The Service is proposing to add the following wildlife refuges to the agency's list of units open for hunting or fishing: Cahaba River National Wildlife Refuge (NWR) in Alabama; Stone Lakes NWR in California; Stewart B. McKinney NWR in Connecticut; Assabet River NWR in Massachusetts; Glacial Ridge NWR in Minnesota; and Silvio O. Conte NWR in New Hampshire.

In addition, the Service is proposing to expand recreational hunting and fishing opportunities on seven wildlife refuges: Sacramento River NWR in California; Moosehorn NWR in Maine; Great Meadows NWR and Oxbow NWR in Massachusetts; Squaw Creek NWR in Missouri; Wertheim NWR in New York; and Julia Butler Hansen Refuge for the Columbian White-tail Deer in Washington. 

The Service is also publishing the announcement of existing opportunities on 12 wetland management districts (WMD): Big Stone WMD and Minnesota Valley WMD in Minnesota; Arrowwood WMD; Audubon WMD; Chase Lake WMD; Crosby WMD; J. Clark Salyer WMD; Kulm WMD; Lostwood WMD; Long Lake WMD; Tewaukon WMD and Valley City WMD in North Dakota. 

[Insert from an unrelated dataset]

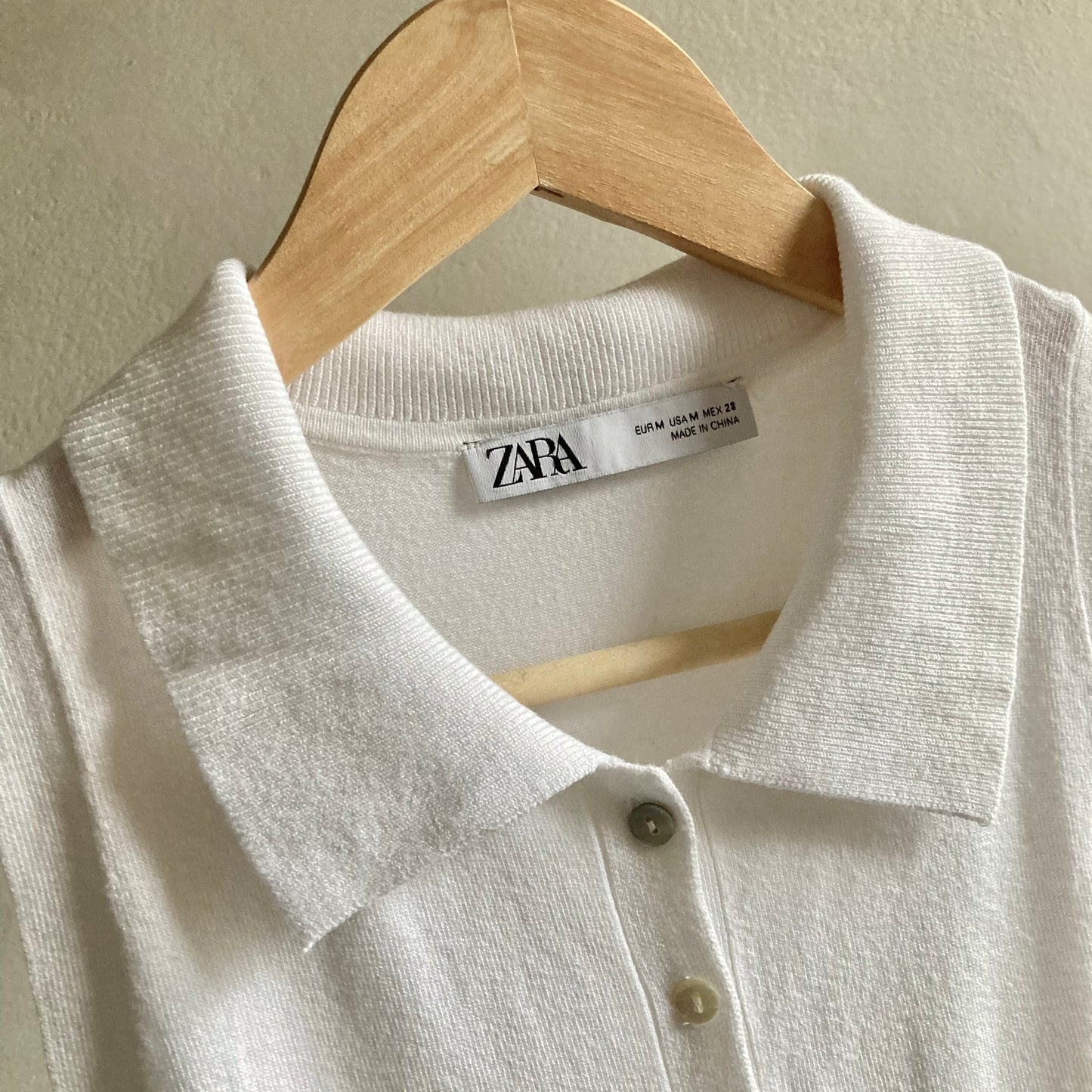 Zara Naiste Varrukateta Kootud Topp Suurus M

Two wildlife refuges are being removed from the Code of Federal Regulations: The former Pocasse NWR is now managed by the South Dakota Department of Game, Fish and Parks and is no longer part of the Refuge System; and Rock Lake NWR in North Dakota was closed to hunting in 1996.

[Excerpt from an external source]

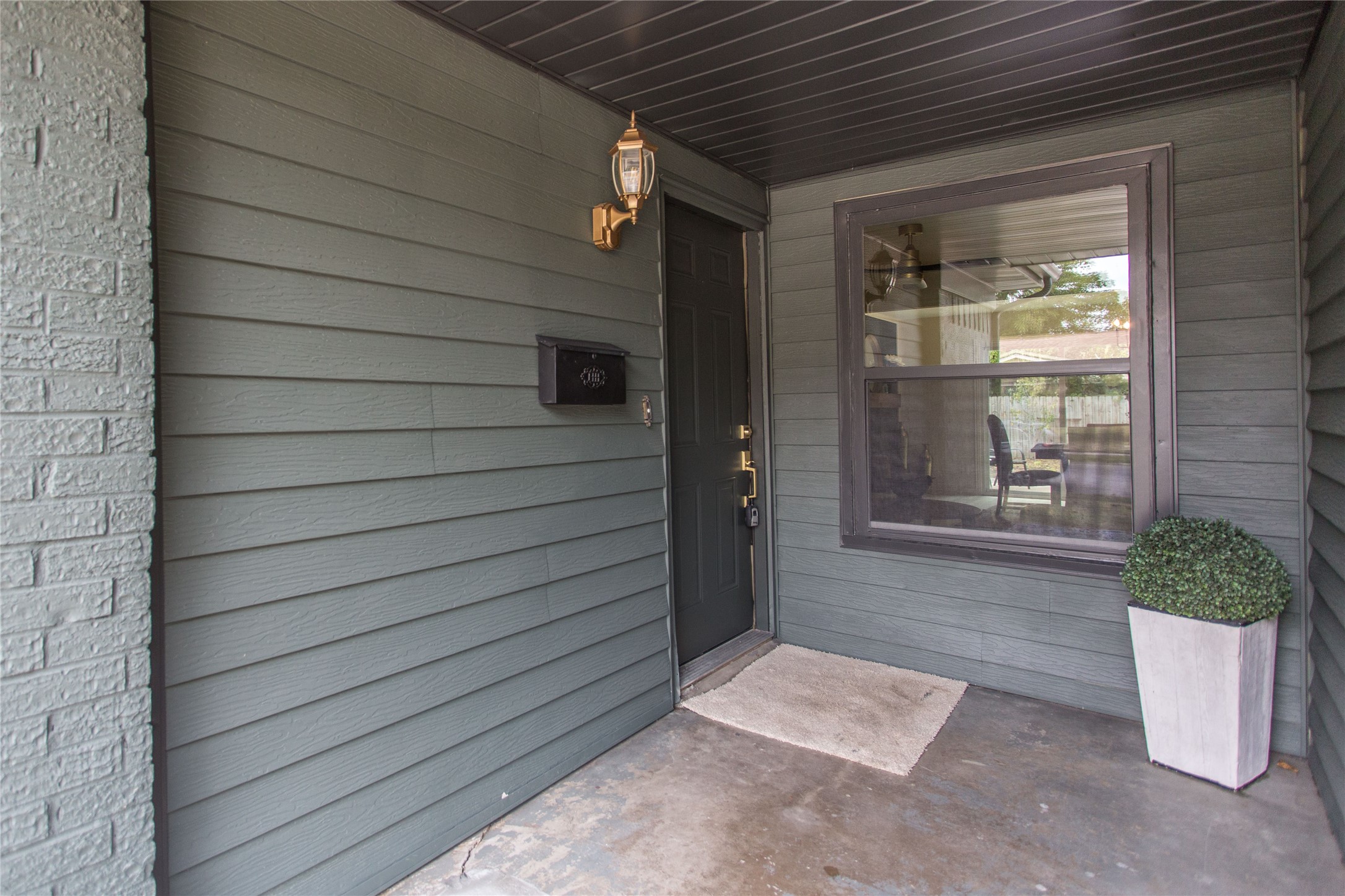 2825 Fairbrook Street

In 2004, there were 2.3 million hunting visits to wildlife refuges and 7 million fishing visits. By law, hunting and fishing are two of the six priority wildlife-dependent recreational uses on wildlife refuges. The Refuge System provides opportunities to hunt and fish whenever they are compatible with the purposes for which the individual national wildlife refuge was established. 

President Theodore Roosevelt established the first wildlife refuge in 1903 when he ordered Pelican Island, a small shell- and mangrove-covered island in Florida's Indian River, to be protected forever as a "preserve and breeding ground for native birds." More than a century later, the Refuge System has grown to nearly 100 million acres and includes 545 wildlife refuges -- at least one in every state -- and more than 3,000 waterfowl production areas.

Wildlife refuges provide unparalleled outdoor activities, including fishing, hunting, environmental education and interpretation, wildlife observation and photography. Many wildlife refuges also offer opportunities for birding tours and other activities. There is at least one wildlife refuge within an hour's drive of most major cities.

The full text of the proposed Refuge-Specific Regulations for Hunting and Fishing can be found on the Internet at http://refuges.fws.gov within the "Policies and Budget" link.

The U.S. Fish and Wildlife Service is the principal Federal agency responsible for conserving, protecting and enhancing fish, wildlife and plants and their habitats for the continuing benefit of the American people. The Service manages the 95-million-acre National Wildlife Refuge System, which encompasses 545 national wildlife refuges, thousands of small wetlands and other special management areas. It also operates 69 national fish hatcheries, 63 Fish and Wildlife Management offices and 81 ecological services field stations. The agency enforces federal wildlife laws, administers the Endangered Species Act, manages migratory bird populations, restores nationally significant fisheries, conserves and restores wildlife habitat such as wetlands, and helps foreign governments with their conservation efforts. It also oversees the Federal Assistance program, which distributes hundreds of millions of dollars in excise taxes on fishing and hunting equipment to state fish and wildlife agencies.

-FWS-


----------